Затем белый человек переводит взгляд на Генри Хорсколлара и колеблется.

– Индейца, – представился Генри, – ручная индейца. Человек тоже представился:

– Меллинджер, Гомер П. Меллинджер. Ребята, я вас конфискую. Нет у вас ни няньки, ни наставника, и вы заблудитесь здесь, как Белоснежка в темном лесу. Я считаю своим долгом показать вам, что здесь к чему. Я выбью подпорки и надлежащим образом спущу ваше судно на прозрачные воды этой грязной тропической лужи. Вы должны пройти ритуал посвящения, так что пойдемте со мной, и я разобью бутылочку доброго вина о бушприт вашего корабля, как того велит морской обычай.

Ну и два дня после этого мы были гостями Гомера П. Меллинджера. С мнением этого человека в Анчурии считались. Он был важной птицей. Он был Гарун аль-Рашид. Если мы с Генри были Белоснежкой, заблудившейся в лесу, то он был, без сомнения, всеми семью гномами. Он, я и Генри Хорсколлар стали друзья не разлей вода, мы таскали наш граммофон по городу, посещали самые разные места, пьянствовали и весело проводили время. Стоило нам увидеть где-нибудь открытую дверь, мы тут же входили и заводили нашу машинку, а Меллинджер приглашал всех послушать изысканную музыку и познакомиться с его старинными друзьями, сеньйорос американос. Опереточный хор преисполнился уважения и ходил за нами из дома в дом. Каждый раз, когда играла новая мелодия, мы должны были попробовать новый напиток. Эти аборигены изобрели одну приятнейшую штуку в плане выпивки. Хоть раз попробуешь – и никогда не забудешь: она навсегда приклеится к твоей памяти, как жевательная резинка. Они отрубают верх у еще зеленого кокосового ореха и прямо внутрь, в его сок, наливают французское бренди и другие лекарственные препараты. Так что и кокосы мы такие пробовали, и много чего еще.

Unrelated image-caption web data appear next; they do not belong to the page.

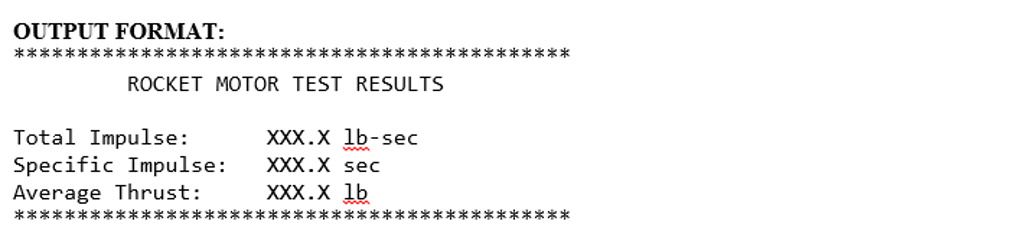 any help would be greatly appreciated | Chegg.com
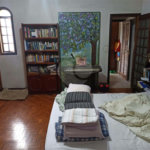 Casa à venda com 4 quartos, sendo 1 suíte, em Perdizes, São Paulo, SP
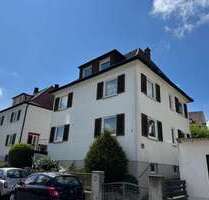 Haus zum Mieten in ulm 3.200,00 € 180 m²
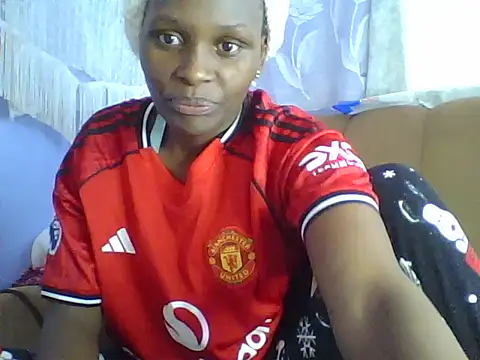 magdah1 online show from 07-27-26, 11:17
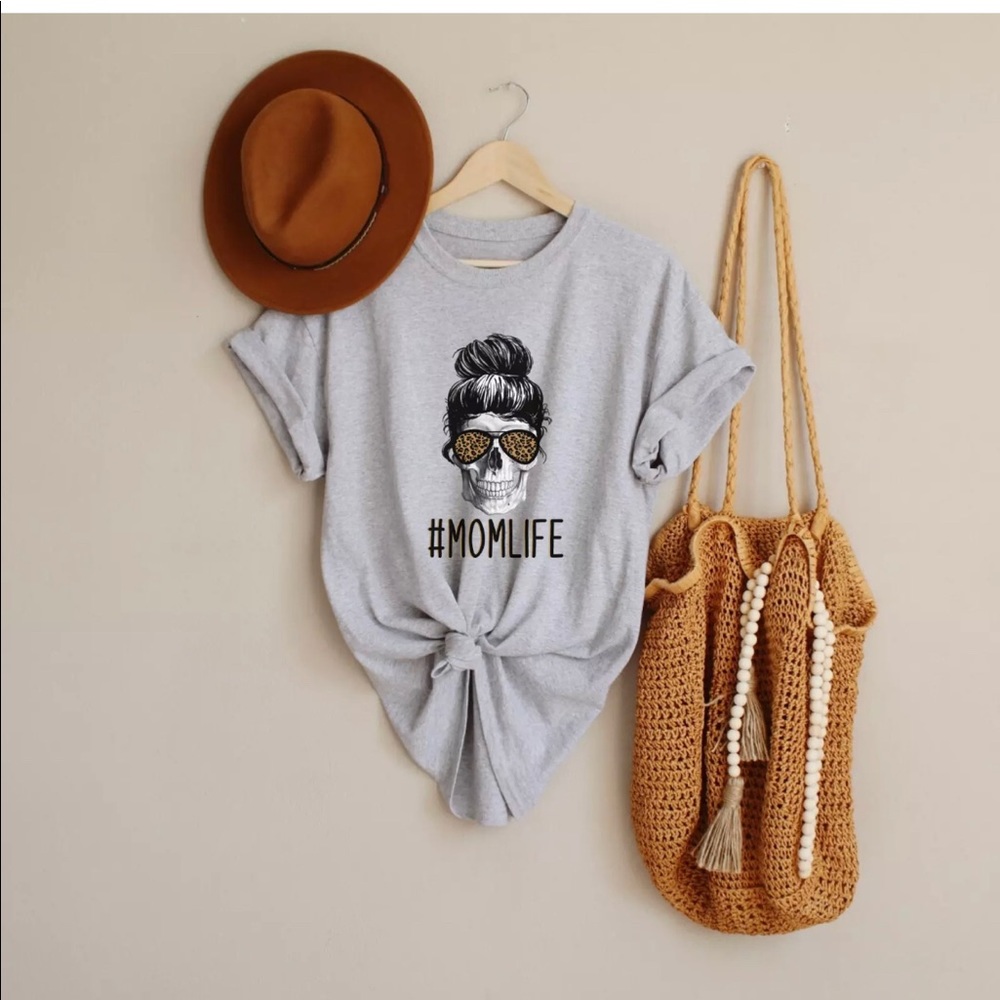 ISO who can make this shirt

Наши с Генри деньги были объявлены вне закона. За все платил Гомер П. Меллинджер. Этот человек умел находить скрученные в трубочку купюры в таких местах на своей личности, откуда и самый знаменитый фокусник не смог бы извлечь ни кролика, ни яичницу Он мог бы основать несколько университетов и собрать коллекцию редчайших орхидей, и у него бы еще осталось достаточно денег, чтобы скупить голоса всех цветных избирателей своей страны. Мы с Генри все гадали, чем же он промышляет. И вот однажды вечером он нам рассказал.

– Ребята, – говорит он, – я водил вас за нос. Вы думаете, что я такая себе попрыгунья-стрекоза, но на самом деле в этой стране я работаю больше всех. Десять лет назад я высадился на эти берега, а два года назад поймал удачу за хвост. Да, я могу принимать любые решения относительно судьбы этого содружества имбирных пирогов, когда мне заблагорассудится. Я доверяюсь вам, поскольку вы мои соотечественники и гости, хоть вы и оскорбили гостеприимно принявшие меня берега наихудшим шумоиздающим устройством, из всех когда-либо использовавшихся для извлечения музыки.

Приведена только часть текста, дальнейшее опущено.